Here we show a case in locating the centroid of an earthquake. The red star denotes the location where the earthquake happens and the triangles denote the seismic stations. The subsurface constitutes layers of different properties (the values of $c$ are different), affecting the propagation of the seismic waves.

Source/Receiver LocationForward Simulation

By running the optimization problem by specifying the earthquake location as Variable [delta], we can locate the centroid of an earthquake. The result is amazingly good. It is worth noting that it requires substantial effort to implement the traditional adjoint-state solver for this problem (e.g., it takes time to manually deriving and implementing the gradients). However, in view of ADCME, the inversion functionality is merely a by-product of the forward simulation codes, which can be reused in many other inversion problems.

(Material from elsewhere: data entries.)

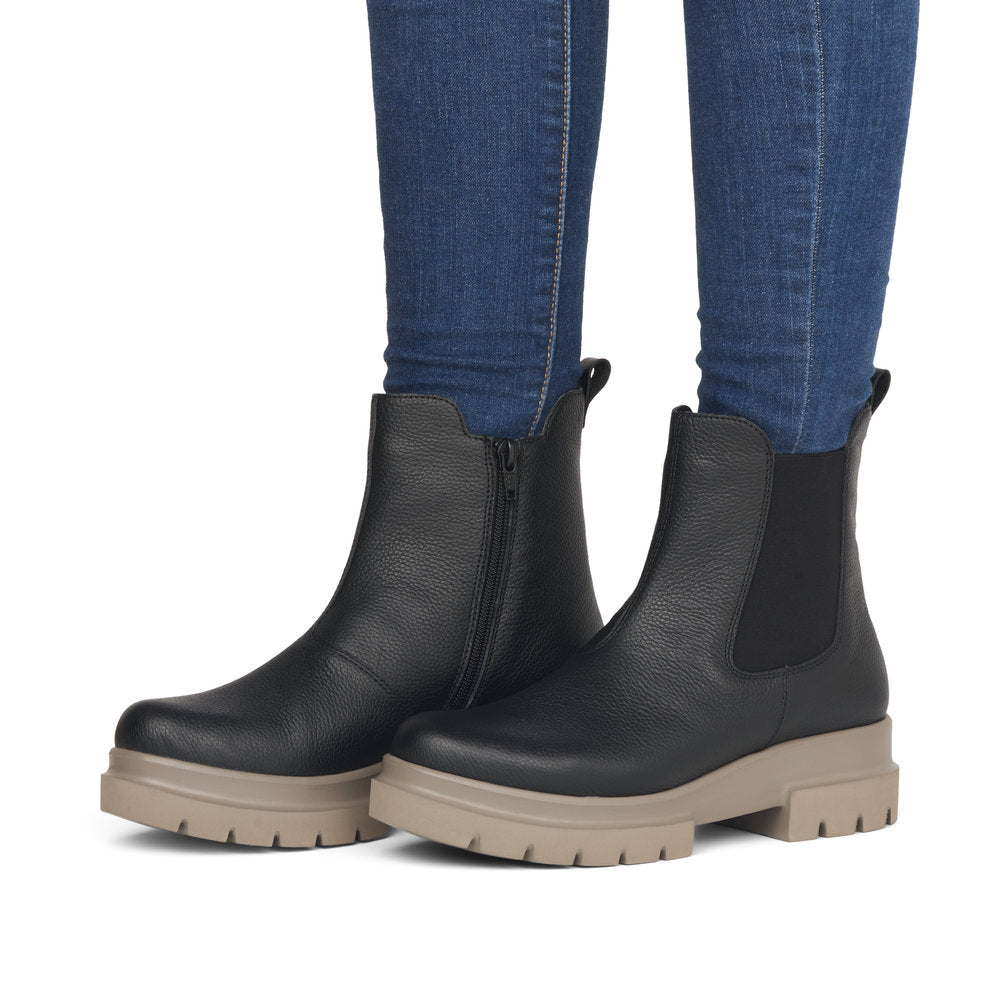 Chelsea Boots | D8984 - Image 10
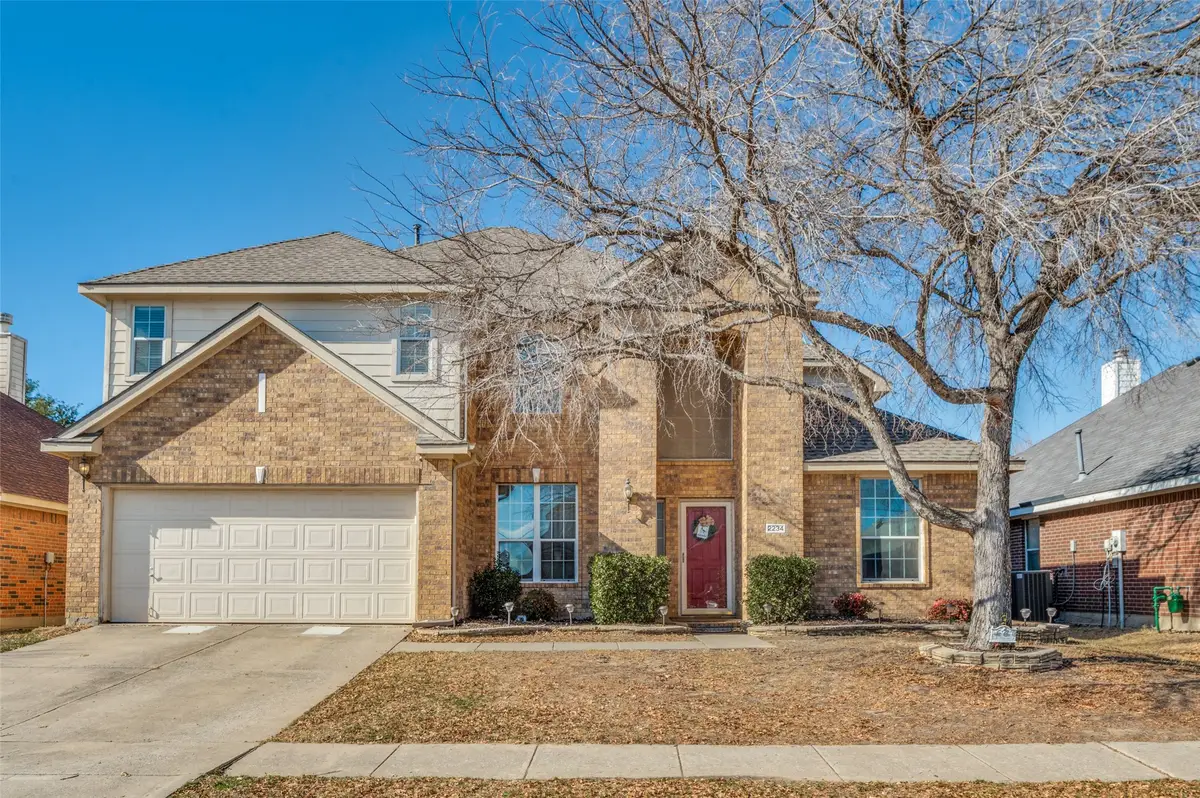 2234 White Rock Lane, Little Elm, TX 75068 - Image #1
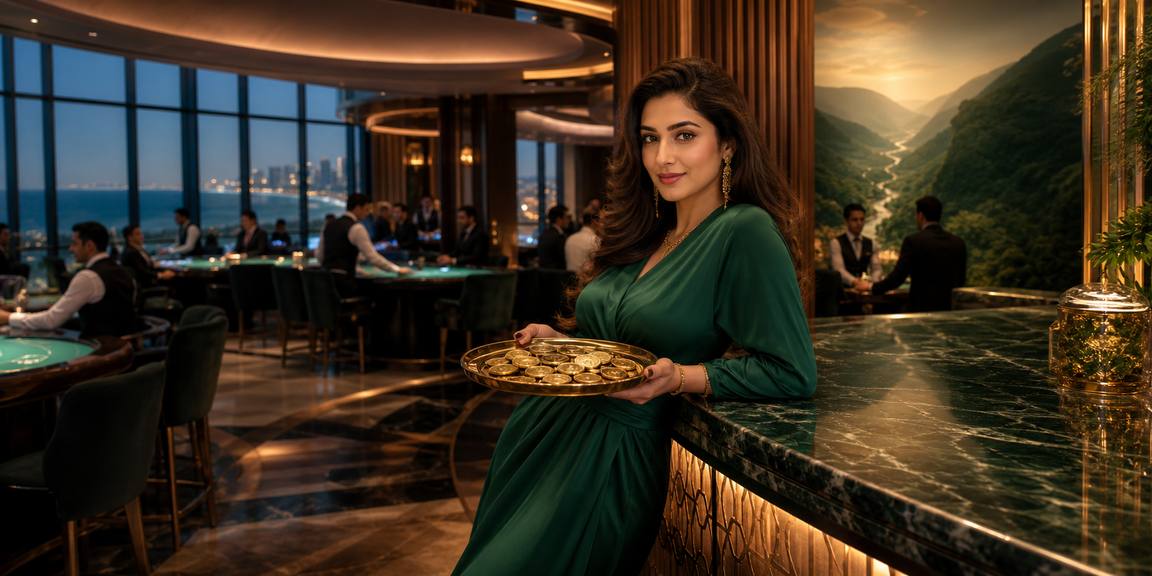 ek77gem Live Casino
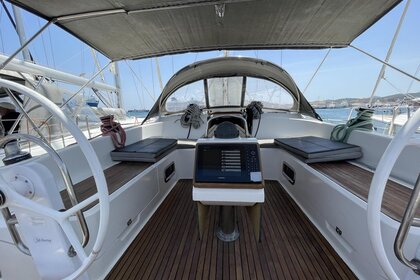 Alquiler Velero BAVARIA CRUISER 51 Lavrio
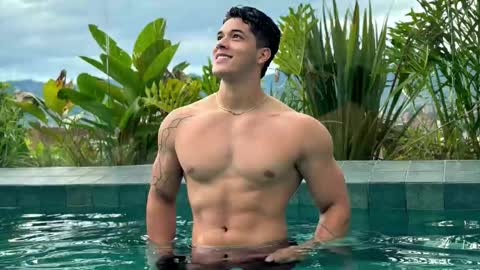 travis joplin online show from November 25, 10:12 pm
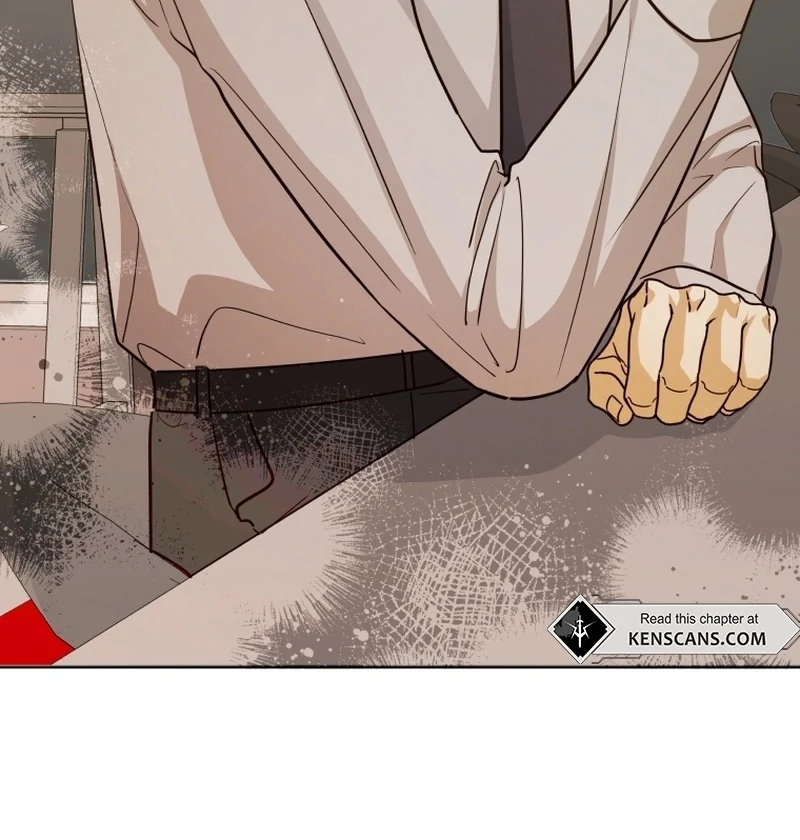 A Man Who Fell in Love With Me Chapter 17 - Page 34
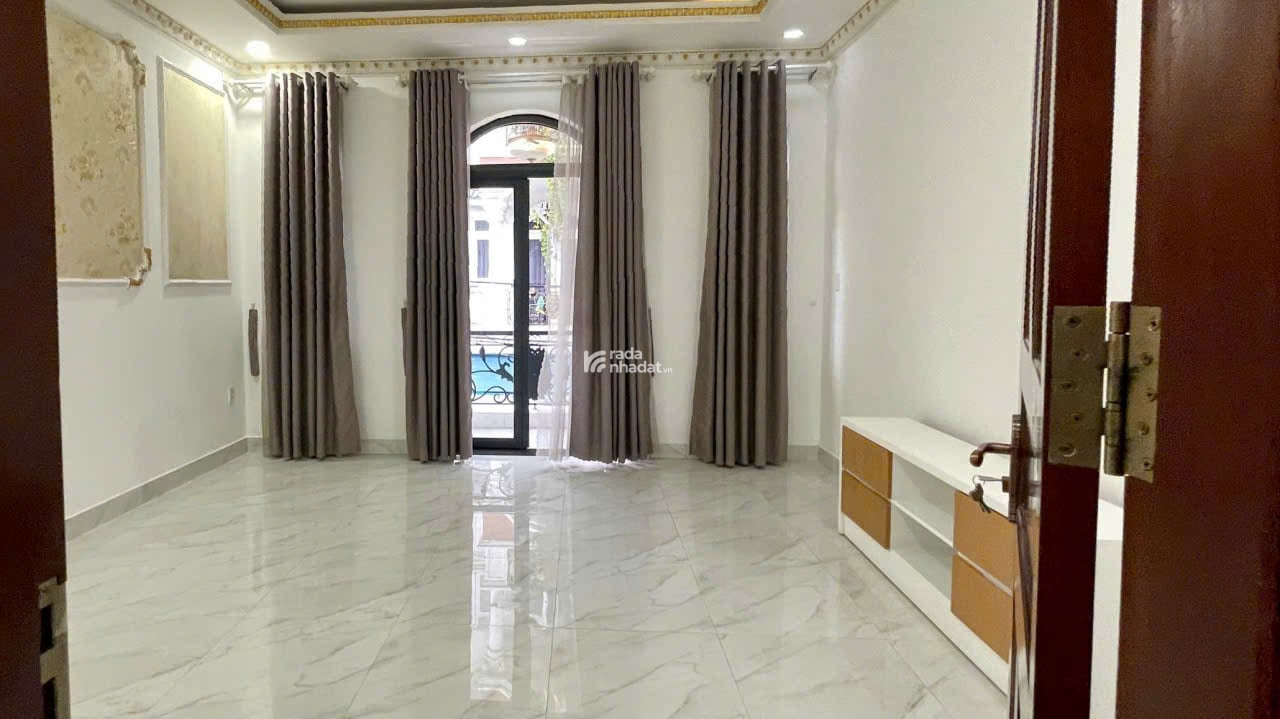 BÁN GẤP NHÀ ƯNG Ý 1 TRỆT 2 LẦU HẺM Ô TÔ ĐƯỜNG 22 LINH ĐÔNG THỦ ĐỨC 60.8M2 7.6 TỶ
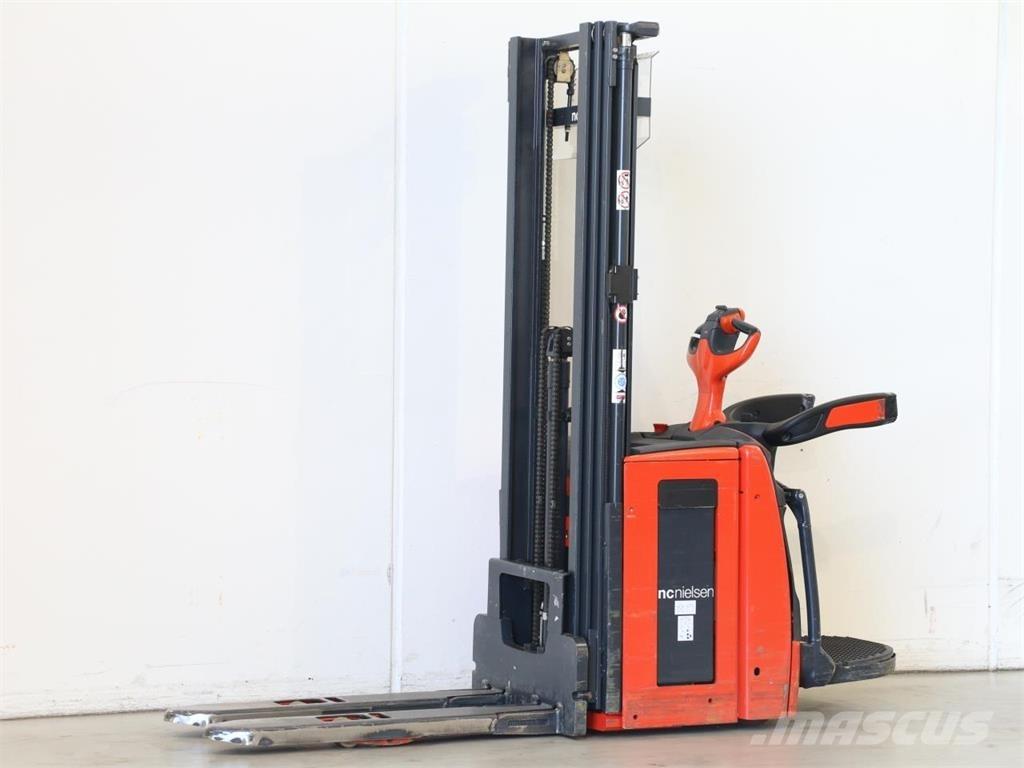 Linde L14AP/1173 Ledestablere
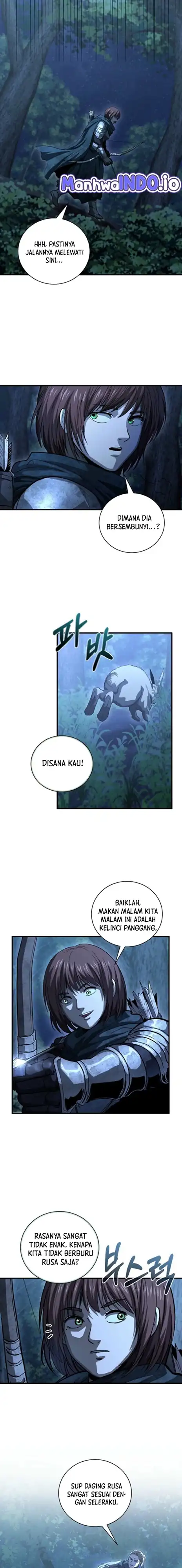 Half Blood chapter 51 halaman 9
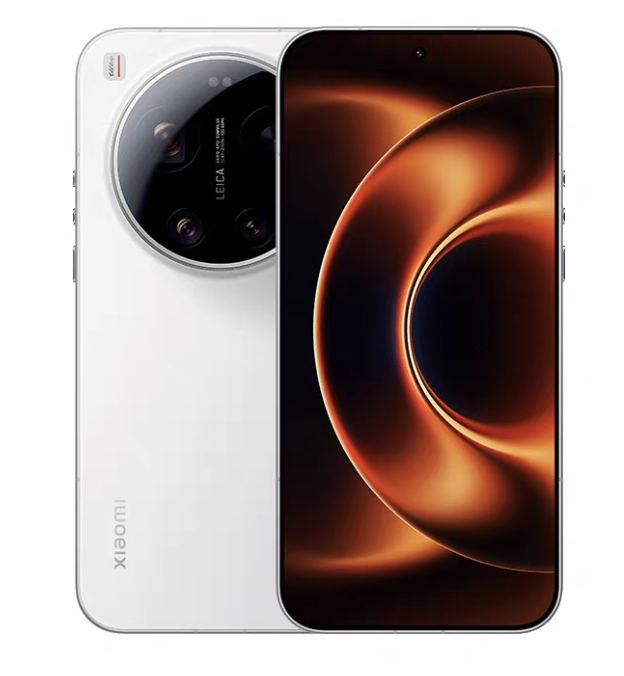 Xiaomi 17 Ultra 16+512GB 1'' CMOS Qualcomm Snapdragon 8 Elite Gen5 Brand New - GreshamTech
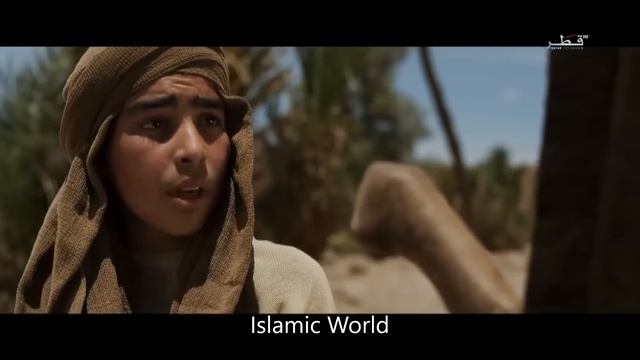 Omar Series Episode 25 Urdu/Hindi смотреть онлайн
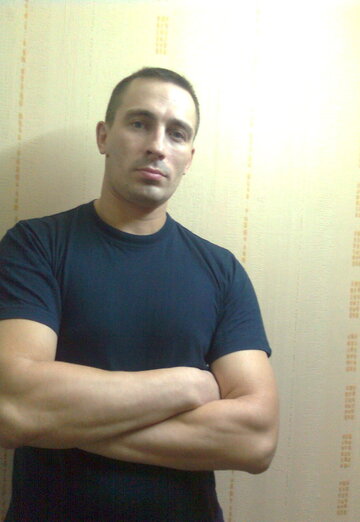 Моя фотография - Алексей, 38 из Самара (@aleksey72241)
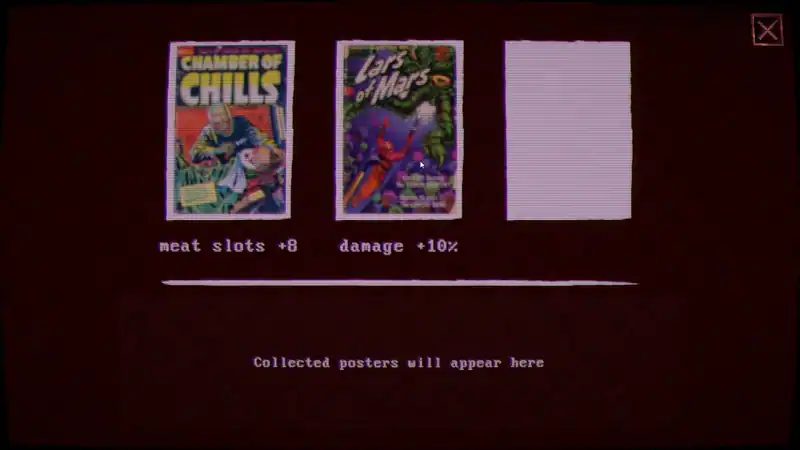 Blunt Blade and a Hundred Halls — изображение 2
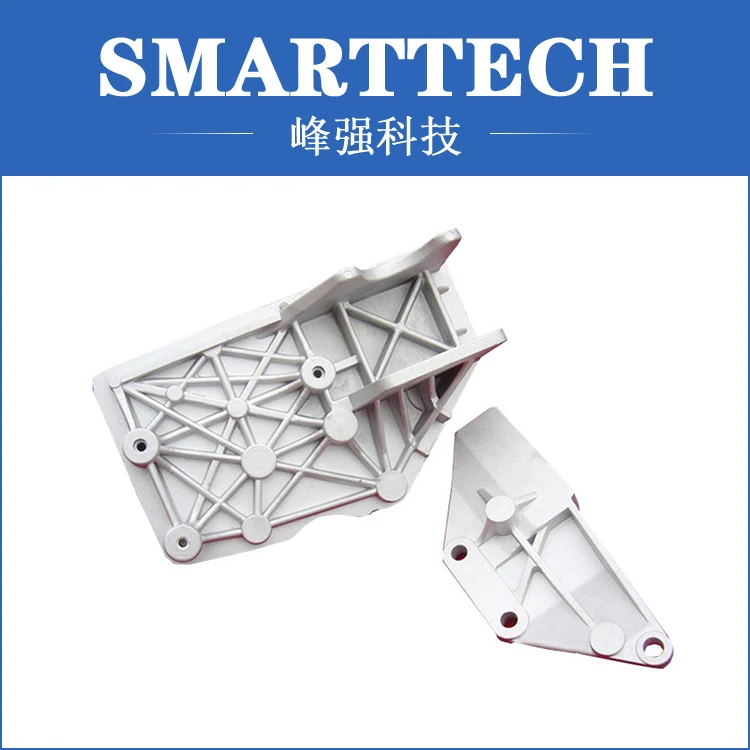 

Custom die casting aluminium cnc parts
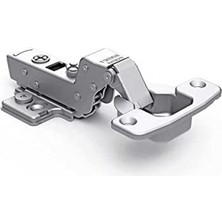 MarkEntegra Frenli Tam Deve Menteşe - Kapı Montajı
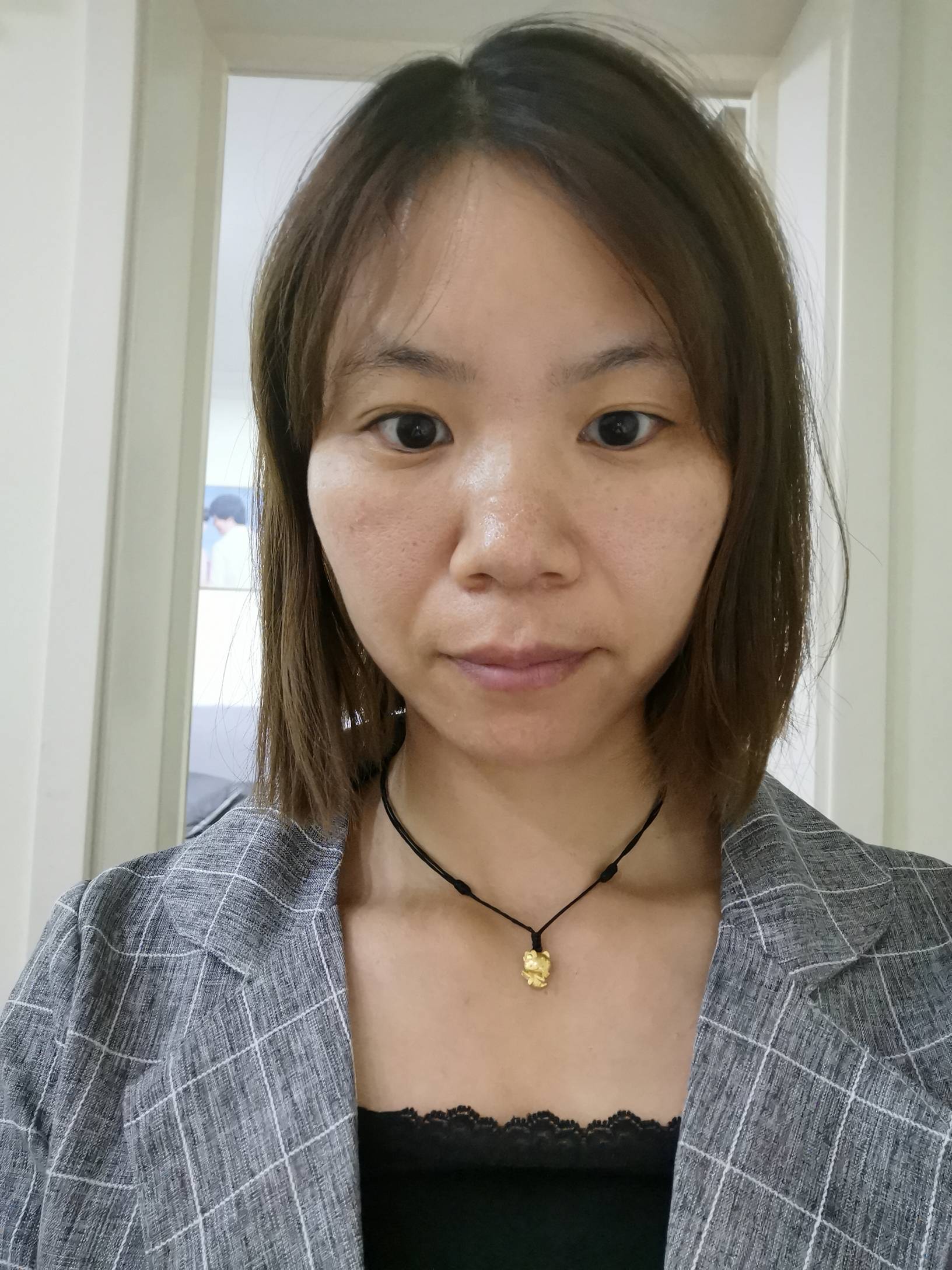 季晶头像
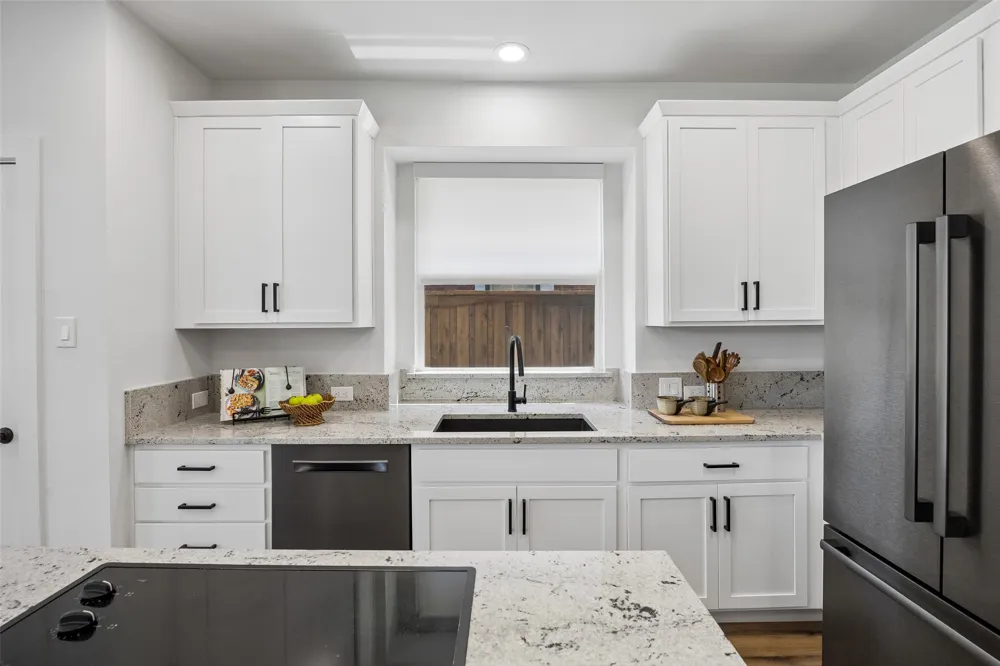 3924 Rio Secco Road Frisco, TX 75035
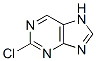 2-氯嘌呤結(jié)構(gòu)式_1681-15-8結(jié)構(gòu)式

• deltaMathematically, $f(t, \mathbf{x})$ is a Delta function in $\mathbf{x}$; to make the inversion problem continuous, we use $f_{\theta}(t, \mathbf{x}) = g(t) \frac{1}{2\pi\sigma^2}\exp(-\frac{\|\mathbf{x}-\theta\|^2}{2\sigma^2})$ to approximate $f(t, \mathbf{x})$; here $\theta\in\mathbb{R}^2$ and $g(t)$ are unknown.